#### INSTRUCTIONS TO FOLLOW
What you return should be the complete listing, unchanged, with no pictures in it.

#### DATA EXTRACT
*** Begin section ***
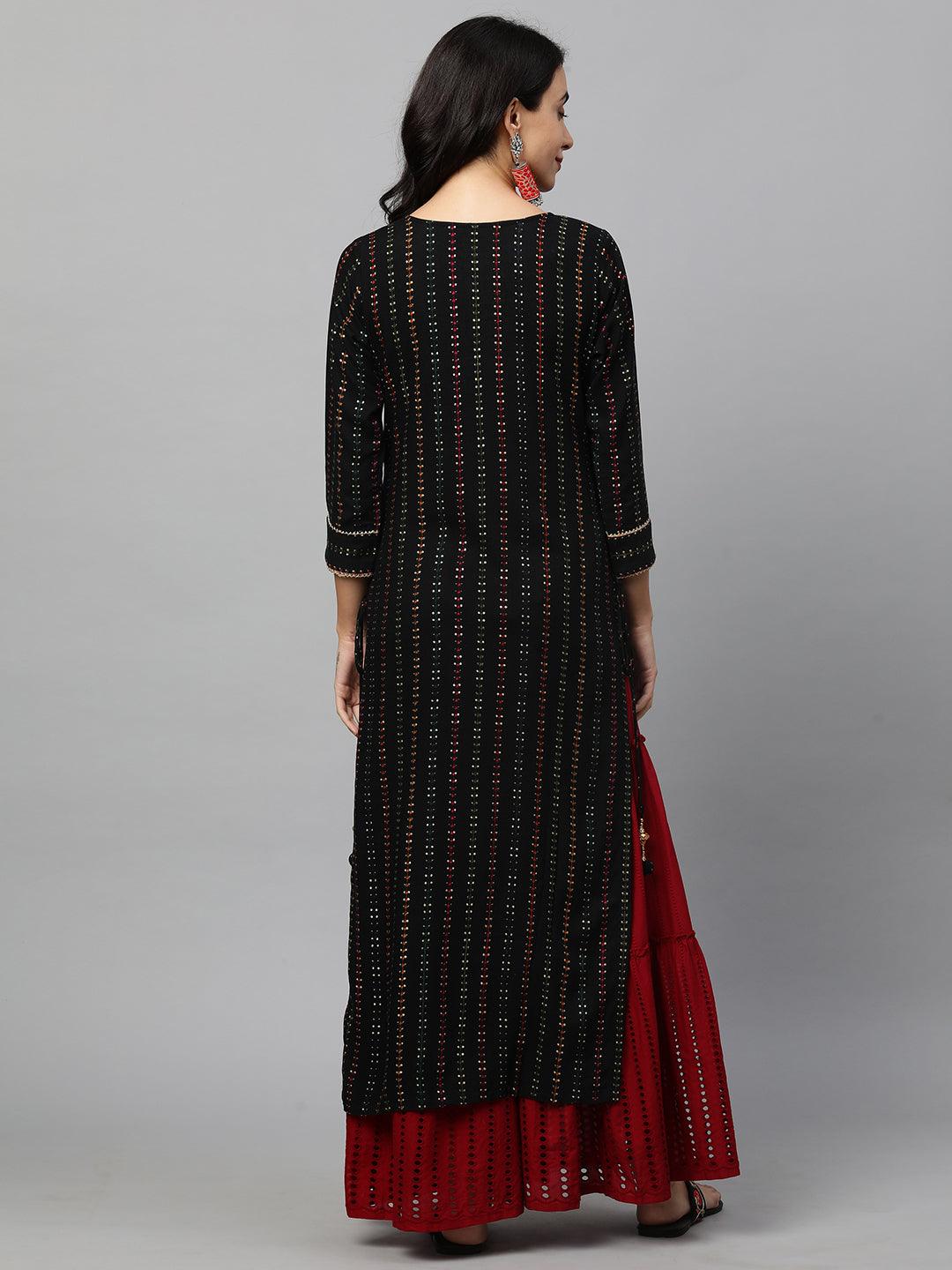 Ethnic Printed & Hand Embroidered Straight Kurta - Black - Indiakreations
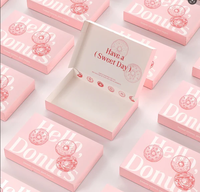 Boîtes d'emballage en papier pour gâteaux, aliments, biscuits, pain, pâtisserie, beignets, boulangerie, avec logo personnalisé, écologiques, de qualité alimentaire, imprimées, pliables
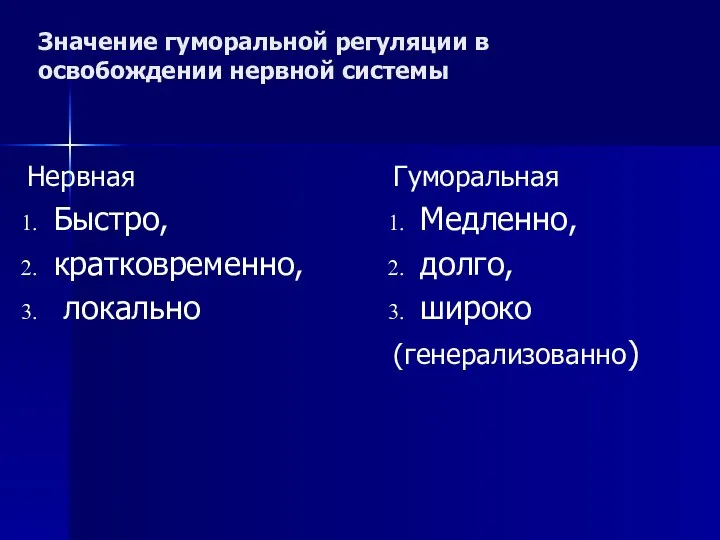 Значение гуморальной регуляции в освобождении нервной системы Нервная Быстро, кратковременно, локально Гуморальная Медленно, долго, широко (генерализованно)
*** End section ***
#### TASK OUTPUT
 Ethnic Printed & Hand Embroidered Straight Kurta - Black - Indiakreations
 Boîtes d'emballage en papier pour gâteaux, aliments, biscuits, pain, pâtisserie, beignets, boulangerie, avec logo personnalisé, écologiques, de qualité alimentaire, imprimées, pliables
 Значение гуморальной регуляции в освобождении нервной системы Нервная Быстро, кратковременно, локально Гуморальная Медленно, долго, широко (генерализованно)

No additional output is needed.